No, I'm not saying I want to find a job like that and stick with it forever. I'm saying that I'm scared to leave the jobs in that type of environment. I'm insecure about how well I'm going to succeed in upper-level jobs that will require more talent, expertise, and expectations.

What if the boss or company realize I'm not the candidate they thought I was? What if I can't tailor to their needs because I'm not experienced enough? What if I embarrass myself in front of adults because of my social anxiety? There are so many roadblocks that I see in the way of this transition into the "real world."

Applying to jobs and internships is tiring.

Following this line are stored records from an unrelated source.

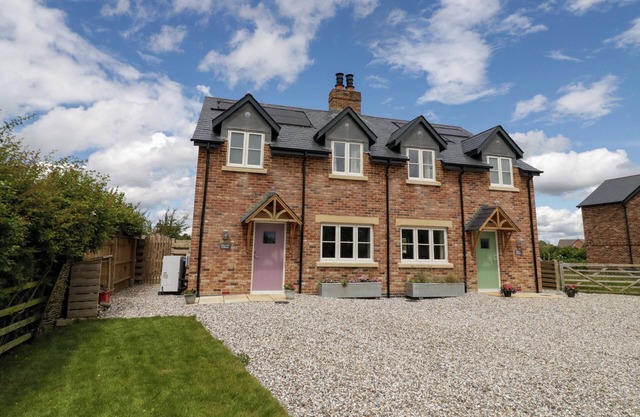 DAISY COTTAGE, pet friendly, character holiday cottage in Tysoe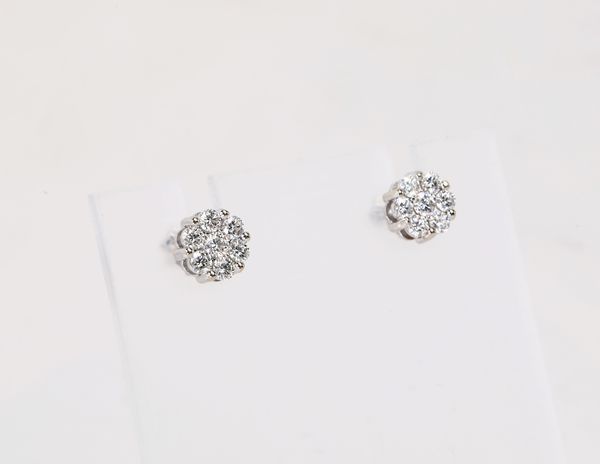 Orecchini in oro e brillanti  - Asta Asta a Tempo - Gioielli e Preziosi - Associazione Nazionale - Case d'Asta italiane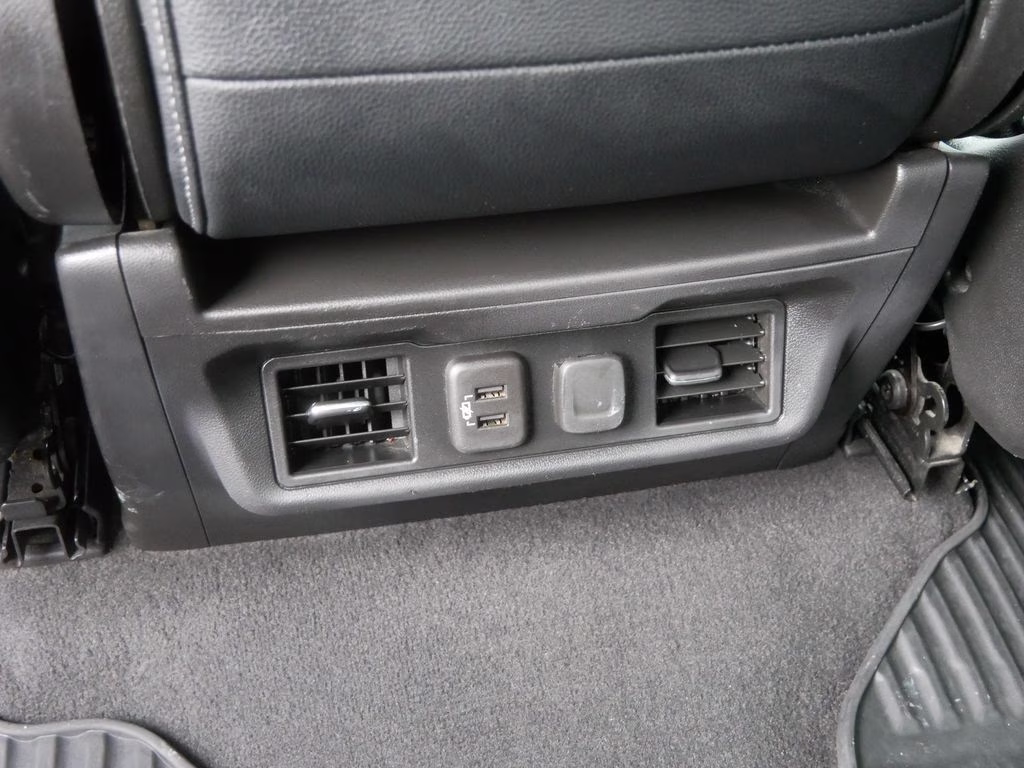 2022 Summit White Chevrolet Silverado 3500HD LT 4X4 Truck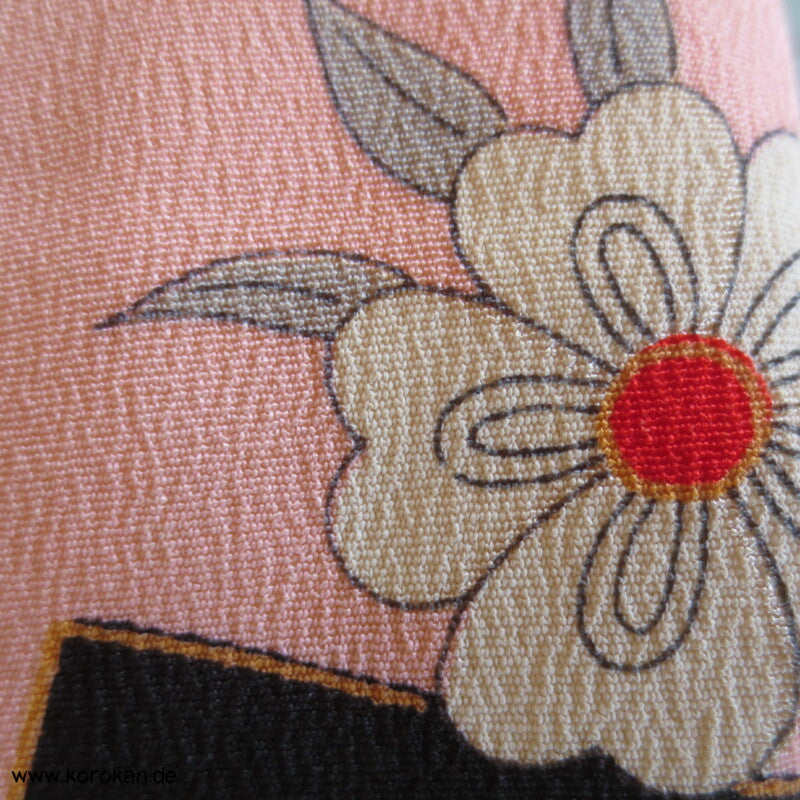 Seidencrepe Furisode Kimono - silberne Blätter und bunte Muster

I am probably one of the biggest procrastinators when it comes to this task. It's the worst position to be in because 90 percent of the time, applications have deadlines and due dates for when everything needs to be done. It's also the prime time of applying to these things.

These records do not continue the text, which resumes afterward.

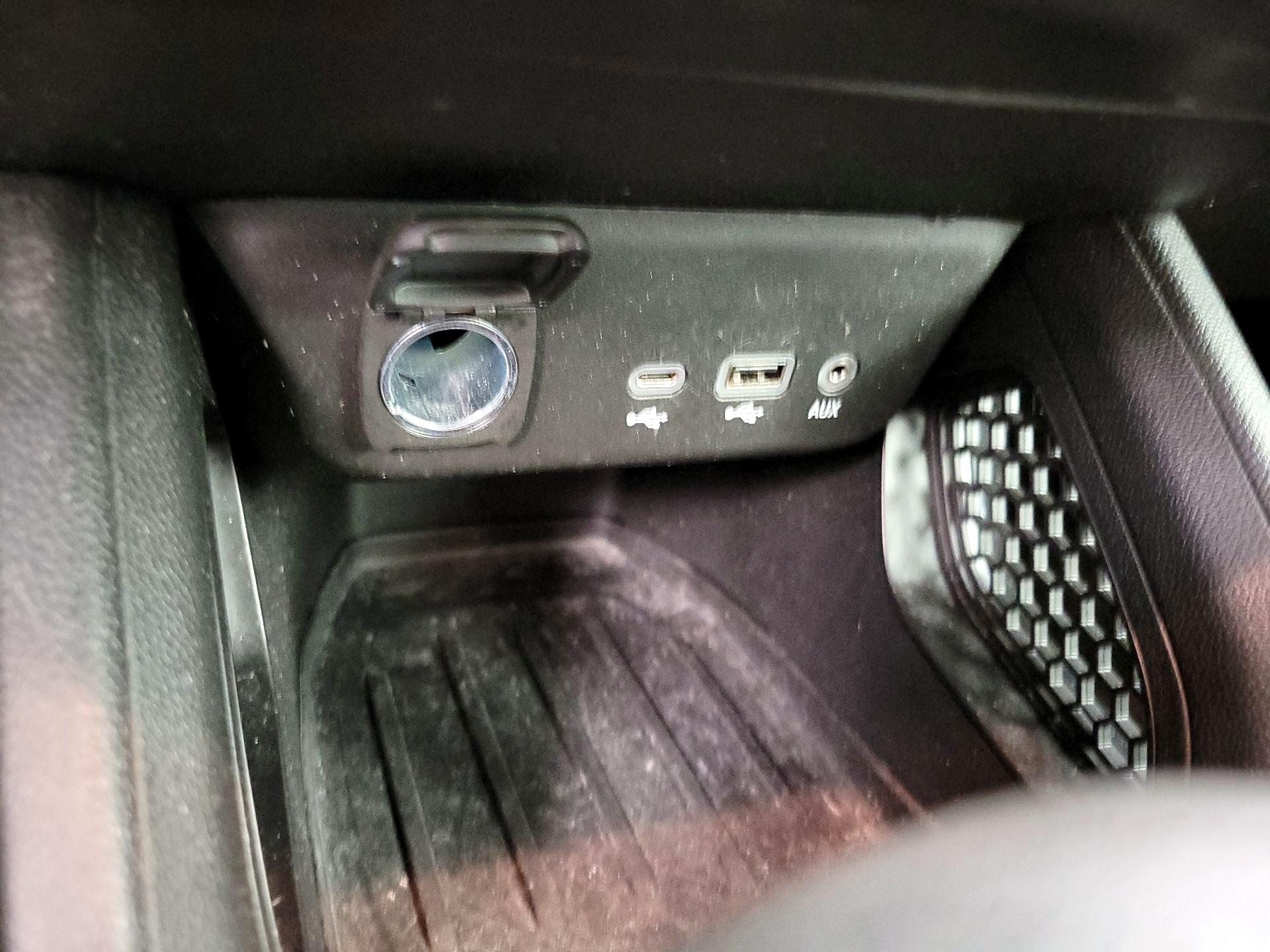 Thumbnail: 2023 Chevrolet TrailBlazer - 18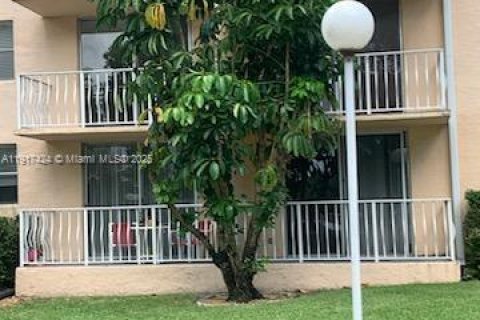 Condominio en alquiler en West Palm Beach, Florida, 1 dormitorio, 65.4 m2 № 1972176 - foto 1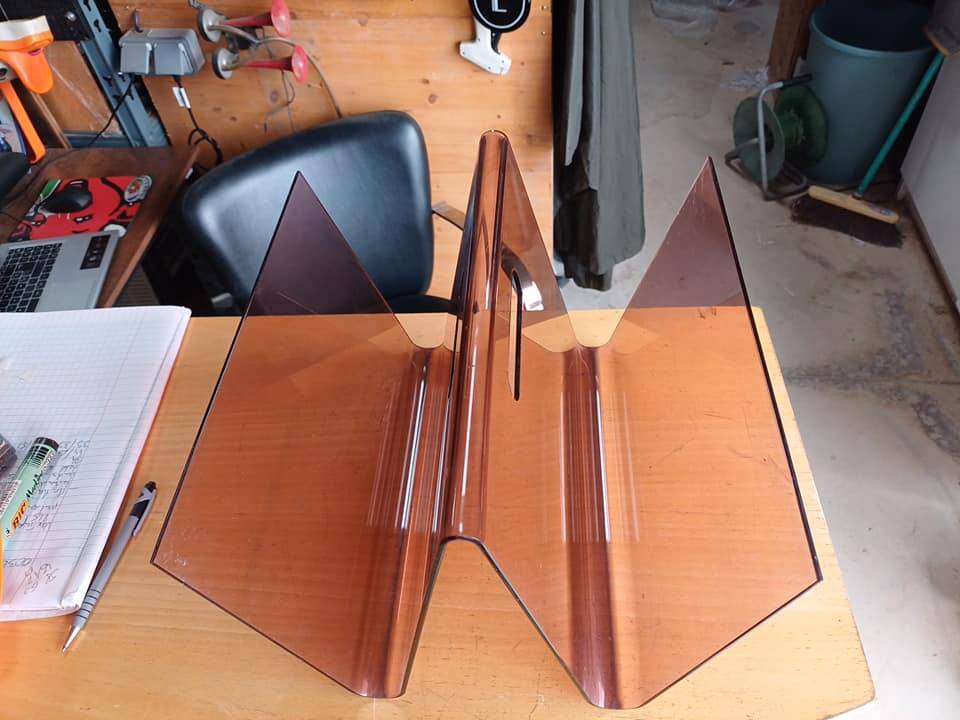Porte revue plexiglass 1970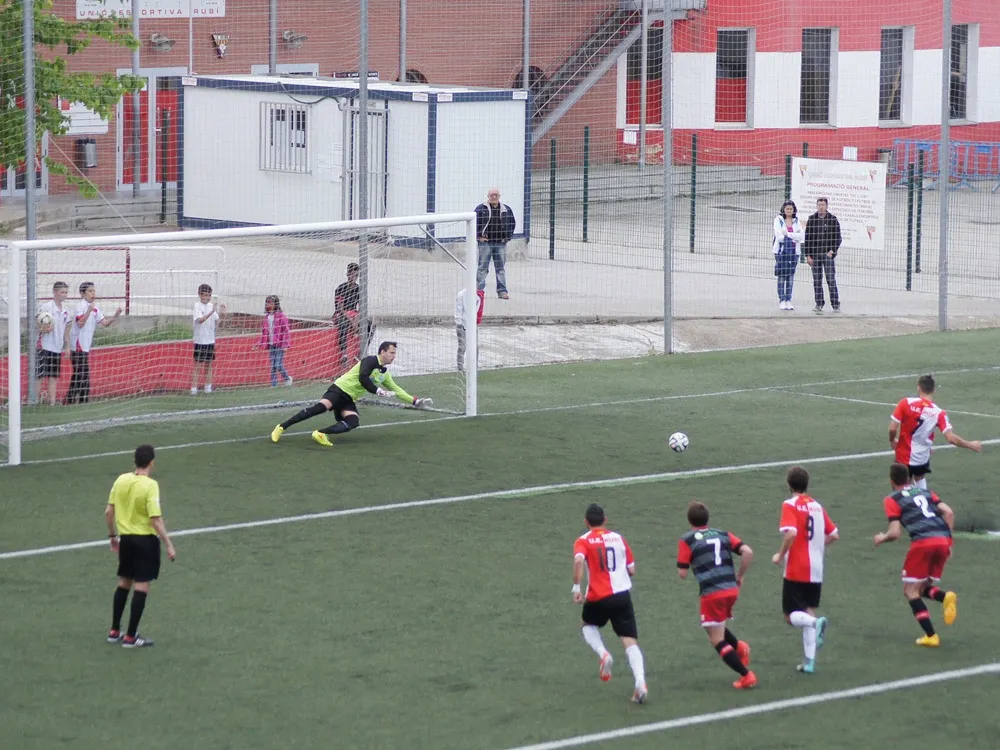 El 2 a 0 en el penal transformat per Àlex Fernández ha estat més important del que semblava un cop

On top of the added time pressure, I feel as if my resume, cover letter, and transcript aren't really the best tools to show what I can do or why I'm the best fit. While that sounds bad, it's how I feel. I feel as if my application will most likely be the one overlooked in every pool of applicants for every job I apply too. There's definitely something wrong with my mindset here, which is why I've taken steps to gain confidence and feel better in this aspect of my life. But we'll get to that later.

All in all, I feel like a puppy amongst adult dogs with their own pups and responsibilities. I feel like a kid among people with families and struggles harder than mine. In essence, I feel like I will never qualify for these jobs because of how I feel about myself. And that's wrong.

Breaking out of a "not good enough" attitude is really difficult.

For me, it's a personal issue. For others, it may be something else that's holding them back. But the mindset of never being good enough for anything, whether it comes down to jobs, relationships, or hobbies, is never helpful.

I want this to shed light on the fact that when it comes to career searching and taking that next big step into the real world, confidence is a key factor. I'm overcoming my lack of confidence by starting my weekly meetings in the career center at my school. I strayed away from it for a while, because I even went so far as to worry if the people there would judge me for how poorly prepared I might be or the bad shape of my resume. But that's exactly what they're there for, to help you with those insecurities.

Although I've only been once so far, it's been a huge step in the right direction. We're in the process of touching up my resume so I can send it out to internships and practicing for when an interview comes up.

The real world is waiting for you and me, no matter how much we may dread it. It comes with uncertainty, but also so many awesome benefits

I can't wait until I'm in my mid-20s (or 30s, who knows?), lounging in my own apartment, fully paid for by my stable income, reminiscing on the time I was a timid college student afraid of what life would hold for me.